$∃$ quadrilaterals $x$ such that if $x$ is a parallelogram, then $x$ is a kite.
I understand the above statement to be false.
Using the formulae $$¬(∃x∈U)[P(x)]≡(∀x∈U)[¬P(x)]\\ ¬(p⟹q)≡¬(¬p∨q)≡¬¬p∧¬q≡p∧¬q,$$ its negation is:
$∀$ quadrilaterals $x, x$ is a parallelogram and $x$ is not a kite.
Since the original statement is false, the negation of that statement should be true. However, the above negation is also false! I am not sure what I'm doing wrong.
I think the best way to learn how to work with statements involving quantifiers and implications is to write out what they mean in words
The first statement says
There is a quadrilateral about which you can say that if it's a parallelogram then it's a kite.
That statement is true, because there are quadrilaterals that are not parallelograms. Take one of those irregular quadrilaterals for your $x$. Then the implication
If $x$ is a parallelogram then it's a kite.
is true for that particular $x$ since they hypothesis is false. (That's often confusing for students at first.)

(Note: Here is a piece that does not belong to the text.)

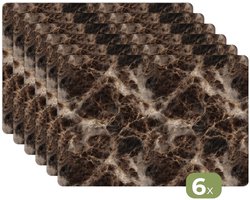 Placemats - 6 stuks - 45x30 cm - Placemat kunststof - Bruin - Goud - Marmer print - Borden onderleggers - Decoratie voor op tafel - Keuken tafeldecoratie accessoires - Vinyl onderlegger - Tafelversiering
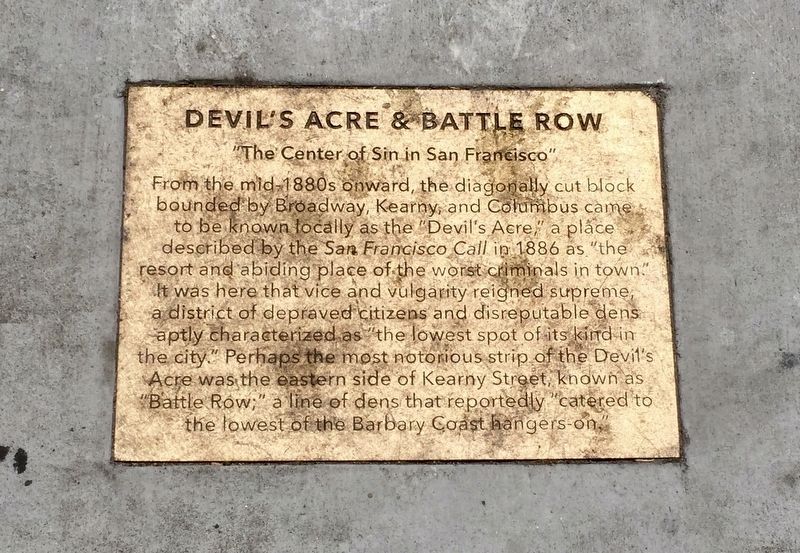 Devil's Acre & Battle Row Marker. Click for full size. Devil's Acre & Battle Row Marker image. Click for full size.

$∃$ quadrilaterals $x$ such that if $x$ is a parallelogram, then $x$ is a kite.
I understand the above statement to be false.
This is your only mistake. It is understandable, because an existentially-quantified conditional $$\exists x\,(Px\to Kx)\tag1$$ is unintuitive to process, because it sounds unnatural and we are subconsciously tempted to read it as $$\forall x\,(Px\to Kx)\tag2$$ instead. Statement $(2)$ is false; on the other hand, putting $x=\text{kite}$ shows that the given statement, statement $(1),$ is true; that is, there indeed exists a quadrilateral, such as a kite, such that if it's a parallelogram then it's a kite (a kite is not a parallelogram, and every conditional with a false hypothesis is vacuously true).